En matière de posture, les recommandations les plus communes pour réussir une négociation sont de ne pas être trop émotif, de ne pas trop montrer d’émotion. Ce n’est pas pour autant qu’il faut s’en déconnecter complètement et paraître robotisé dans ses propos comme dans ses gestes. Si les mains doivent déconstruire la méfiance en osant se montrer d’emblée, cela ne veut pas dire qu’elles doivent rester coller à la table ou sur les genoux. Il y a mille et une variations possibles en ce qui concerne les gestes des mains. Il faut pouvoir les faire « décoller » à un moment donné. En général, elles décollent d’elles-mêmes lorsque vous arrêtez de vous focaliser sur elles et que vous êtes avec l’autre.

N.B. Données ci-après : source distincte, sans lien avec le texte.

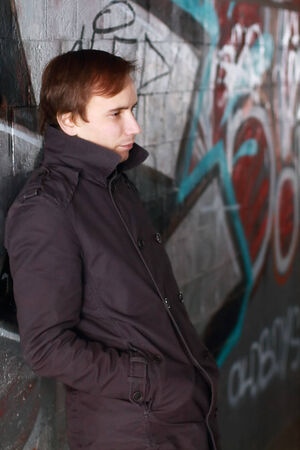 Young man leans back on wall with graffiti and looks aside outdoorの写真素材
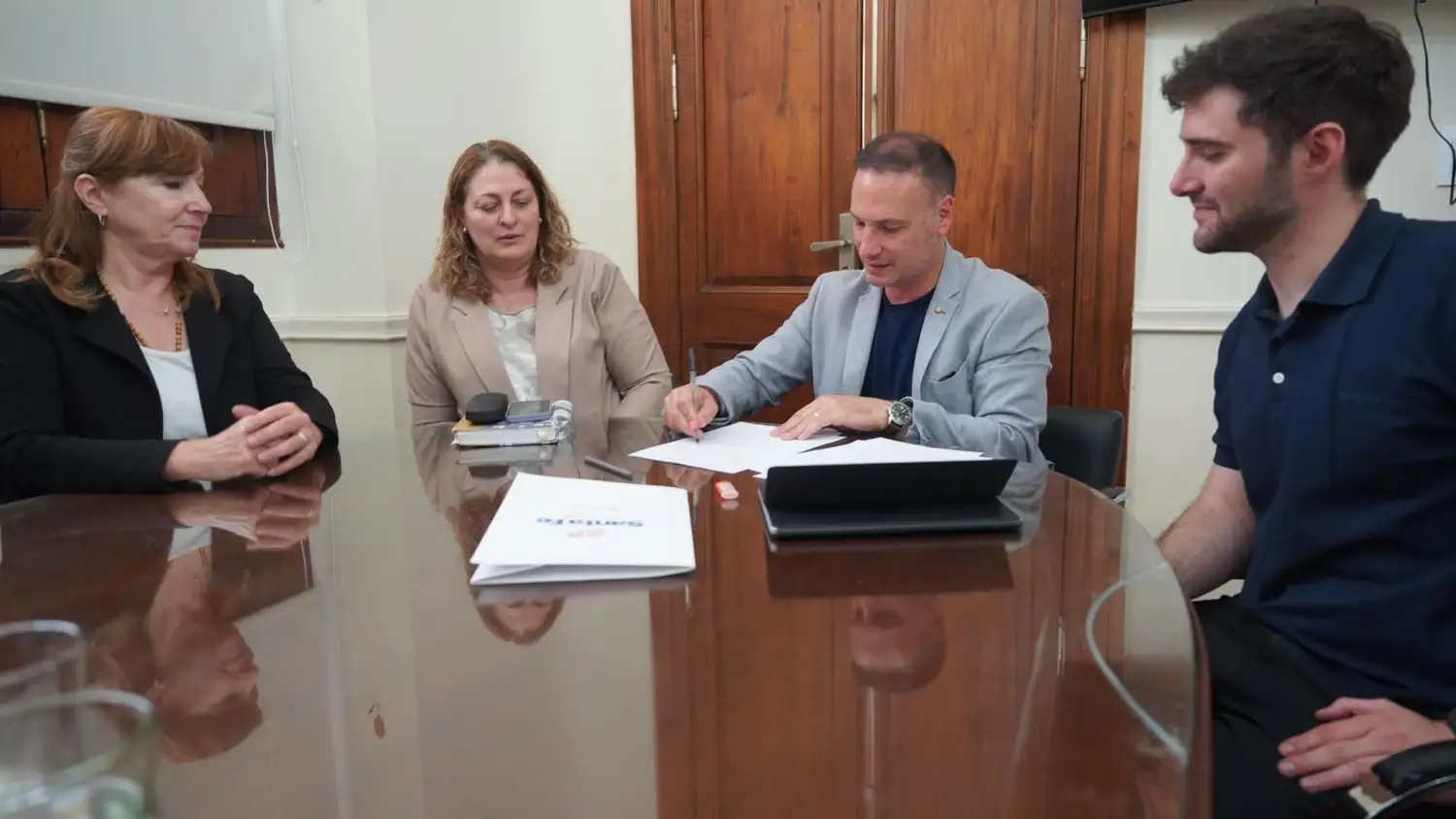 Bosco, Ciancio, Enrico y Yocco durante la firma del convenio en la capital santafesina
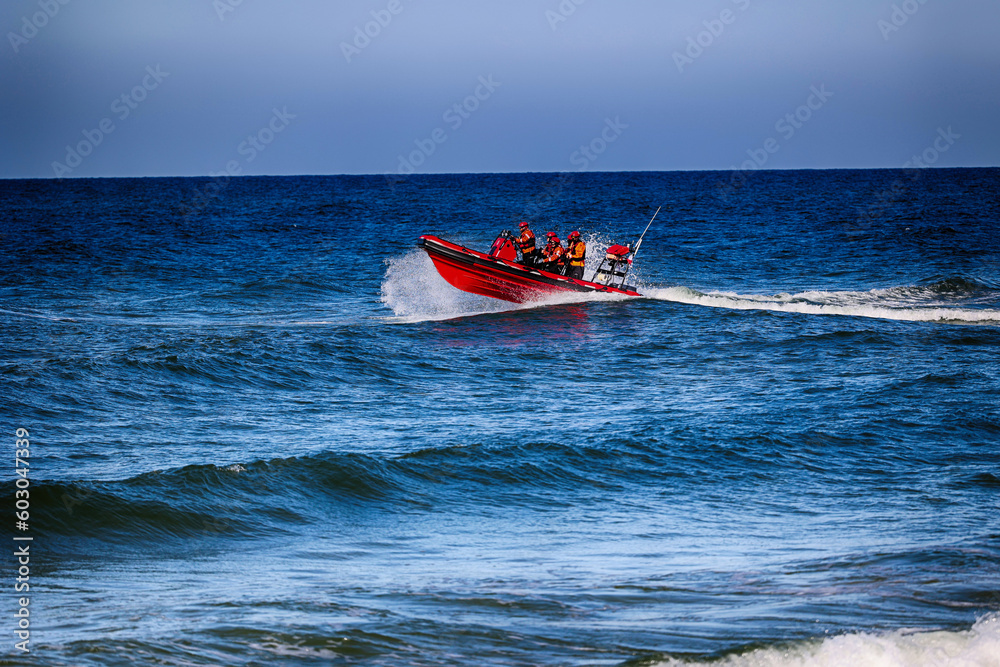 Pomarańczowa łódka z ratownikami płynie z akcją ratowniczą na morzu.  - obrazy, fototapety, plakaty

La générosité que suppose l’expression « le cœur sur la main », en négociation, n’a rien à voir avec ce que vous allez lâcher comme argent dans le processus, mais touche à une générosité de présence à l’autre, ce que j’appelle la « générosité présentielle ». Plus vous allez augmenter cette présence à l’autre, pour l’autre, et surtout plus vous allez la lui montrer, plus il va accepter de donner en retour. Le ballet des mains se fera naturellement si vous êtes dans un cadre conversationnel dans le but de trouver une solution avec l’autre et non contre l’autre. On évitera des gestes qui peuvent être très mal interprétés lors d’une négociation, comme le « lavage des main » (se frotter les mains l’une contre l’autre) qui peut donner l’impression que l’on est vénal. On évitera aussi des gestes qui peuvent vouloir dire l’inverse de ce que l’on veut dire dans la culture de l’autre. C’est le cas du fameux V de la victoire fait avec la paume de la main vers soi, qui signifie la victoire pour un Allemand, le chiffre deux pour un Américain… et un doigt d’honneur pour un Britannique. En règle général, on évitera donc de trop séparer les doigts ou de trop montrer avec l’index, surtout lors d’une négociation interculturelle. Se filmer est une technique que tous les spécialistes recommandent. Tant que vous n’accepterez pas de voir l’image que vous imposez à ceux qui négocient avec vous, vous ne pourrez pas correctement trouver une posture qui soit en phase avec vos propos, c’est-à-dire atteindre la congruence.